The horrific Russian military invasion of Ukraine led to a backlash against Russia. Temptation is to name anything Russian, from government media And the the students to the cats, bad and prevented to indicate anger and ostracism. This kind of thinking has infected the open source and internet security communities as well – a horrific idea with potentially disastrous consequences.
If the accusations are true, this is a terrible idea that could lead to all sorts of horrible and unintended consequences. What if a Russian human rights or anti-war organization, or a Russian hospital, is using this particular software package? This action – although considered a minor peaceful protest by the package maker – could result in the loss of important footage of protests or war crimes, the loss of medical records, or even the death of innocent people.
Now the trend of unbaked hacking activity involving internet users is increasing daily Websites and games which encourages users to become part of DDoS (Distributed Denial of Service) attacks against certain Russian digital assets. For the same reasons mentioned above, randomizing attacks without thinking about the potential consequences and collateral damage are heart-wrenching actions that amount to shooting in the dark. The consequences for users who were part of this campaign are also unknown. Do users realize that their IP addresses can be logged by a potentially aggressive and retaliatory target? It is an incredibly irresponsible measure that gives tools to ordinary users without the due diligence they deserve, putting innocent lives at risk on all sides.
Targeting every computer with a Russian or Belarusian IP address with this kind of hack as a way to protest government actions is downright absurd and harmful. Developers who live in countries that commit war crimes, Including the United StatesThey may want to think about how they would feel if the tables were turned.
However, this kind of digital xenophobia did not start with the Russian military invasion of Ukraine. For many years, a common advocate for the network has been to block some notorious countries from your network, effectively creating IP block lists. Most of the traffic coming from Russia or China is believed to be malicious, so why not block all traffic coming from Russian or Chinese IP addresses? Putting aside for a moment the question of whether Russian and Chinese hackers have heard of VPNs, this part of the network security scene ensures that entire countries are thrown under the bus, and many may find your service useful, due to a few bad actors.
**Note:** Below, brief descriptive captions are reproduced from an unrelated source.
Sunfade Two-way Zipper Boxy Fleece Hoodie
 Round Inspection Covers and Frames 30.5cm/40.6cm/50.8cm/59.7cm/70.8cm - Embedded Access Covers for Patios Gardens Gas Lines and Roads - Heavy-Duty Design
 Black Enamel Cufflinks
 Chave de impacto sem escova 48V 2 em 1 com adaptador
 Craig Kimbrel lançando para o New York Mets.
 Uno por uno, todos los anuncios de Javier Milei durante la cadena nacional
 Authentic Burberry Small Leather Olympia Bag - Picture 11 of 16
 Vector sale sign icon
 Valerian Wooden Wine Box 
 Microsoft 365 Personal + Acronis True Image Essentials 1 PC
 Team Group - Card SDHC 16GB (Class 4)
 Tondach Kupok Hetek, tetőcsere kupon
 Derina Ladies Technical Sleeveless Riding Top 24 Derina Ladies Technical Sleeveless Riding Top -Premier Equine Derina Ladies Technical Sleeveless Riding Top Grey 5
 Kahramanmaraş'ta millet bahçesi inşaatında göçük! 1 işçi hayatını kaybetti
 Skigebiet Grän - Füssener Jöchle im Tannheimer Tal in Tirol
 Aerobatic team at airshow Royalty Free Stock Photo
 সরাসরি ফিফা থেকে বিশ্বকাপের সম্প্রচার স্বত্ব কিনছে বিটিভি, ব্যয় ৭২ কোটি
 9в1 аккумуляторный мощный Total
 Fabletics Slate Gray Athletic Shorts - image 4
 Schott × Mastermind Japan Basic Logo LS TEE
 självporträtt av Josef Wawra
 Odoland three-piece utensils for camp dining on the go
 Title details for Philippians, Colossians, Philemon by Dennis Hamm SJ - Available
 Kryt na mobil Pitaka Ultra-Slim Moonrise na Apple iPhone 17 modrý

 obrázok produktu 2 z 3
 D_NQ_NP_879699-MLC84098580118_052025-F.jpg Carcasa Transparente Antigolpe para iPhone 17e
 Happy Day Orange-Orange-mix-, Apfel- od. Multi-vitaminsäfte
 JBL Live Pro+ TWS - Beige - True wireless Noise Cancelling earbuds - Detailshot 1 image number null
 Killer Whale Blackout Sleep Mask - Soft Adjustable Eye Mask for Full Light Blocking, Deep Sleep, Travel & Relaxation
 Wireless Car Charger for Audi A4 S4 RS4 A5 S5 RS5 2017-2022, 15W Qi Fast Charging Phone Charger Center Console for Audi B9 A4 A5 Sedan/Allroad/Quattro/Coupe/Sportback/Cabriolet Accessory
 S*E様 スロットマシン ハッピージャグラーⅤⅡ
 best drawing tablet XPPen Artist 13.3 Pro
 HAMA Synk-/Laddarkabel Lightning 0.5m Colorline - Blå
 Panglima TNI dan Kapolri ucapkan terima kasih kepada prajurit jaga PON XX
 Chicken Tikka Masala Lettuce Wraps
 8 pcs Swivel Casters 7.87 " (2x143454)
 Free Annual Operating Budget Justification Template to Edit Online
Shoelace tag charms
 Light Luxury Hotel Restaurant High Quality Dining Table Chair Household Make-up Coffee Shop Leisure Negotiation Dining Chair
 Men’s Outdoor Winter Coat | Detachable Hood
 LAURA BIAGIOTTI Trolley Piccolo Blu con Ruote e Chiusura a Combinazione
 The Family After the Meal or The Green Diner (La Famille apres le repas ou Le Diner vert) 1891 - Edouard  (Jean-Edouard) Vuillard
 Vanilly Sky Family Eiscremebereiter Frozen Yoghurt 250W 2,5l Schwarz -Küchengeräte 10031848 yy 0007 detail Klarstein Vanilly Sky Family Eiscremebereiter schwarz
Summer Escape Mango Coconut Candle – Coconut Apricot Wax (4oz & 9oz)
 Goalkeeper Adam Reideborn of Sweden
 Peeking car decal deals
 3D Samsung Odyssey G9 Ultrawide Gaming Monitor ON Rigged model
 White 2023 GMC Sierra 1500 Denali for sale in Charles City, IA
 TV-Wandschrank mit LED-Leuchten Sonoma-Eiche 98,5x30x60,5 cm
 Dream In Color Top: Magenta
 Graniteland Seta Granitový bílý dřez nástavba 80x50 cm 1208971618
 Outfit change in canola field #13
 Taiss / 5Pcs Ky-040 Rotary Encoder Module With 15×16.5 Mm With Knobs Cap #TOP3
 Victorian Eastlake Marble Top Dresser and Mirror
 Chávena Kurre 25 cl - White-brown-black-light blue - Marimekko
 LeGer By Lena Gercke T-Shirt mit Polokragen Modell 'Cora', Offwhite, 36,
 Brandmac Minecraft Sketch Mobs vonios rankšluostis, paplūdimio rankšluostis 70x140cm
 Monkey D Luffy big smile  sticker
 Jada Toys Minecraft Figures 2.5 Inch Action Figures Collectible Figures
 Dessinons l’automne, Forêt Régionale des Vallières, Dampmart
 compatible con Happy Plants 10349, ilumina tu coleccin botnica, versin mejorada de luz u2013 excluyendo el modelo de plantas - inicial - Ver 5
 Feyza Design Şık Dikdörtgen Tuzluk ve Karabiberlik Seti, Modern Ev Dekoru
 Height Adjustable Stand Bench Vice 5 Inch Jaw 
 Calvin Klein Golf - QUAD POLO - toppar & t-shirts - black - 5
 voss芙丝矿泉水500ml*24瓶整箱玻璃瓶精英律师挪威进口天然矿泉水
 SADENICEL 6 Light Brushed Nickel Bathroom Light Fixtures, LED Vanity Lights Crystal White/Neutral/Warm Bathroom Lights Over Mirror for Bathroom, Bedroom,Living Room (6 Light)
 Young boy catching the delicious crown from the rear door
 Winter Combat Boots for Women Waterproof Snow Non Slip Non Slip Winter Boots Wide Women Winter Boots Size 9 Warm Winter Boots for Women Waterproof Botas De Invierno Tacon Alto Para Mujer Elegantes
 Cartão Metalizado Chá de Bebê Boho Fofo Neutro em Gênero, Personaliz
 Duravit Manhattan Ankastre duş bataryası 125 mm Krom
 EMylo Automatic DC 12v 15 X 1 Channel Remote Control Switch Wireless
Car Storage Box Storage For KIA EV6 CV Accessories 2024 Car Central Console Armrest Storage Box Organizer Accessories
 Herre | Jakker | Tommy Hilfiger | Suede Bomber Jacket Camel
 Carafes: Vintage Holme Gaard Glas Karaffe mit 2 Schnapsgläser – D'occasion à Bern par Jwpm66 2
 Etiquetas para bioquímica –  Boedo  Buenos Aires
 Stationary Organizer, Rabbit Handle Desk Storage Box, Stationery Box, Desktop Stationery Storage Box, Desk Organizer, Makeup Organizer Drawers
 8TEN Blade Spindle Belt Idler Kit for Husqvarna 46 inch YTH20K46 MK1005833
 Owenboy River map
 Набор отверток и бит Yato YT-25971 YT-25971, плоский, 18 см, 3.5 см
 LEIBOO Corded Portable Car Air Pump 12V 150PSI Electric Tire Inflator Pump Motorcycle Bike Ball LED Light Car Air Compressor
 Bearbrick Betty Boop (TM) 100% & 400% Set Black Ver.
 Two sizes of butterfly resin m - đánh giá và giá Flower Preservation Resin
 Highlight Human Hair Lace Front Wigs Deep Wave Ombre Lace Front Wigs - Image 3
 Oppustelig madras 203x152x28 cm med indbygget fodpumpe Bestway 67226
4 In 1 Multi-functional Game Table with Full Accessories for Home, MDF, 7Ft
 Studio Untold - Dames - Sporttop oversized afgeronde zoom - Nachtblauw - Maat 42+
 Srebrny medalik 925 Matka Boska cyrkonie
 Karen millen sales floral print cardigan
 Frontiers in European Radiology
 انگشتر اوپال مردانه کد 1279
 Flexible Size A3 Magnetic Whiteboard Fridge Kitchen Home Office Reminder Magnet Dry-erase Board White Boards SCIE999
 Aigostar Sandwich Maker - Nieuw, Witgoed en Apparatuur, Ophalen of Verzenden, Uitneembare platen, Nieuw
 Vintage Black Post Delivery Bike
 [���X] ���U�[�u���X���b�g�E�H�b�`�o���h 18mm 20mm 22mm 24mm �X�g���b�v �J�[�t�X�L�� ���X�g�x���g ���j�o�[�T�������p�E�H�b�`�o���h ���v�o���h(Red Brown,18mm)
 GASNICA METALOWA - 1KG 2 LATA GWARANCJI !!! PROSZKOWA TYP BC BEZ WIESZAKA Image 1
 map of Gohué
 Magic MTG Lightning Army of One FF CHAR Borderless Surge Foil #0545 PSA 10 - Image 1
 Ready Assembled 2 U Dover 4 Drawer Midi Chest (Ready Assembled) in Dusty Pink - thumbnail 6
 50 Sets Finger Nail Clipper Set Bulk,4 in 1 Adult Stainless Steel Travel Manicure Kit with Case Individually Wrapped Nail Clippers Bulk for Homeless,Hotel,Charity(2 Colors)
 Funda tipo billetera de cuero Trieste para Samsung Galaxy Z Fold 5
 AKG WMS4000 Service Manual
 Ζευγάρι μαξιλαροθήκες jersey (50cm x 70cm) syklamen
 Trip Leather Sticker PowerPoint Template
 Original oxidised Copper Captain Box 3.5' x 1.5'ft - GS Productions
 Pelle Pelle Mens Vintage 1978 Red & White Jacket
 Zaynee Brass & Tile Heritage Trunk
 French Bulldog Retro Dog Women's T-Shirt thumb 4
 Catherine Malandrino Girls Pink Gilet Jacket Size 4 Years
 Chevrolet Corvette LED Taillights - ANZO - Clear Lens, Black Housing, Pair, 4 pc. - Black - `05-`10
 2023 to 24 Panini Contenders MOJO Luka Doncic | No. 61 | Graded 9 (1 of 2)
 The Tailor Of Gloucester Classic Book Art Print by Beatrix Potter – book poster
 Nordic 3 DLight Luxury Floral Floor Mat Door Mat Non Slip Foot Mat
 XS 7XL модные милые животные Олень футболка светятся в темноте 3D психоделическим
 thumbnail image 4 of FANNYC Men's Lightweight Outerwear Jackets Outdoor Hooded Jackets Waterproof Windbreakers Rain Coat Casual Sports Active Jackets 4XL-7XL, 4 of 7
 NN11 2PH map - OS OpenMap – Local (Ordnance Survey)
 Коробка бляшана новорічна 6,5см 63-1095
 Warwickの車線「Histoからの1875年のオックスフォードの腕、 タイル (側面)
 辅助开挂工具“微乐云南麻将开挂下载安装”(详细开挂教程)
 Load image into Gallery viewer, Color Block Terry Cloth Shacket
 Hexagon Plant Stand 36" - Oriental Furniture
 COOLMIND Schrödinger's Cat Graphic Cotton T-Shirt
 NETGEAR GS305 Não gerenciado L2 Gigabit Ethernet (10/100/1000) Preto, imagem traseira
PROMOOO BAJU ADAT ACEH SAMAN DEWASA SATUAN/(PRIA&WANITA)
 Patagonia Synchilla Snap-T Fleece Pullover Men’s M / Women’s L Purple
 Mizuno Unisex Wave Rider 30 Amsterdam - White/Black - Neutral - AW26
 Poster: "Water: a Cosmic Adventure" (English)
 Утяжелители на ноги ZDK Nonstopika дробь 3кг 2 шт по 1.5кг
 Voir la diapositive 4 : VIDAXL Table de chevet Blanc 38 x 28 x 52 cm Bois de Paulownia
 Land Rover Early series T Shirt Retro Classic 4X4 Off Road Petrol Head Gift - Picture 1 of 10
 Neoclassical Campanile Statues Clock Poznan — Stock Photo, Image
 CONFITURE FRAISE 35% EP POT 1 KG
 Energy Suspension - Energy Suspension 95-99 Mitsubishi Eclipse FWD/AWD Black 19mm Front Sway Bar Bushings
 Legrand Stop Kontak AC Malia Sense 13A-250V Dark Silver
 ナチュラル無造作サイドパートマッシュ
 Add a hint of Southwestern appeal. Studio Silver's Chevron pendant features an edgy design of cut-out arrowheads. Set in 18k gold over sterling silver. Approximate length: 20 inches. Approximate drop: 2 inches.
Calls escalate to Unplug Russia from the Internet Since the Russian invasion of Ukraine. This is a horrific idea and it is treating Russia once again as a monolith, punishing the Russian people for the actions of their authoritarian leaders. Russians who may be looking for information about a protest or trying to find news of war dead will be banned. Someone who lives in Ukraine in a region bordering Russia or Belarus can have their IP address incorrectly classified as Russian or Belarusian. Their communications and ability to access relief or evacuation efforts websites may be blocked.
We have warned against reformulating the basic infrastructure protocols of the Internet—Such as disconnecting Russia from the Internet by revoking top-level domain names or revoking IP addresses — to protest war is likely to lead to a host of serious and long-term consequences. It will deny people a powerful tool to share information when they need it most, threaten security and privacy, and undermine trust in the global communications infrastructures on which we all depend.
Treating a country’s population as a monolith risks alienating and denying services to people who agree with you, people who are your allies, and people who are most in need of sources of information and assistance. It makes the internet less open and more hostile to all involved. Equating people with their authoritarian governments in your performance activity is never a good idea.